The Labor Law of Latvia contains several general provisions regarding the law applicable to cross-border employment cases. Those provisions arise from the Rome Convention on the law applicable to contractual obligations, an international treaty to which the majority of European states are parties. The basic requirement of that convention and the national laws implementing it is that, even if the company and the employee have agreed about the law applicable to their relationship, this may not deprive the employee of the protection that would be available under the law that would apply under the convention's rules in the absence of agreement between the parties.

The EU Directive concerning posting of workers includes additional requirements imposed upon companies sending their employees abroad if those situations fall within the "posting of workers" covered by the Directive. Those are intra-group posting and cross-border provision of services described above, as well as the activities of temporary employment undertakings and placement agencies.

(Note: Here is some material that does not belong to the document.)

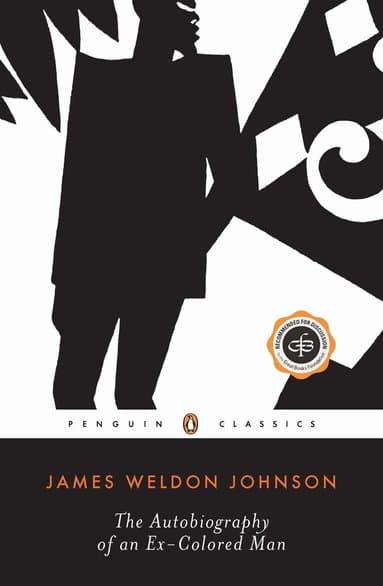 James Weldon Johnson best book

In all these cases, when the employee is posted to an EU member state, certain protection of the employee must be guaranteed under the law of that state 's maximum work and minimum rest periods, minimum annual paid holidays, minimum pay rates, health, safety and hygiene at work, non-discrimination, and protective measures for pregnant women or women who have recently given birth, children and young people. This may be relevant, for example, when an employee from the U.K. who has opted out of the maximum working hours' provisions at home is posted to work in Latvia, where such opt-outs are not clearly recognized under labor law. On the other hand, if the posted employee's home state offers better work conditions that the host state, then the home state rules apply. Although the Directive allows for some derogation from these rules, it is a different matter whether, and to what extent, these derogations have been applied in each country.

Usually posting of workers to another company involves a contract between the host company and the company making the posting. Such contracts typically cover the work to be performed by the posted employee, the conditions, the service charge that the host company will pay, etc. Nevertheless, it is also important for a company contemplating posting its employees to another member state to consider the possible implications of both the national law in the member state to which the employee is posted and the EU Directive. Not least, because under the rules of the Directive a foreign company posting its employee to a member state may be sued in the courts of that state for not ensuring for that employee the minimum protection required by those EU rules.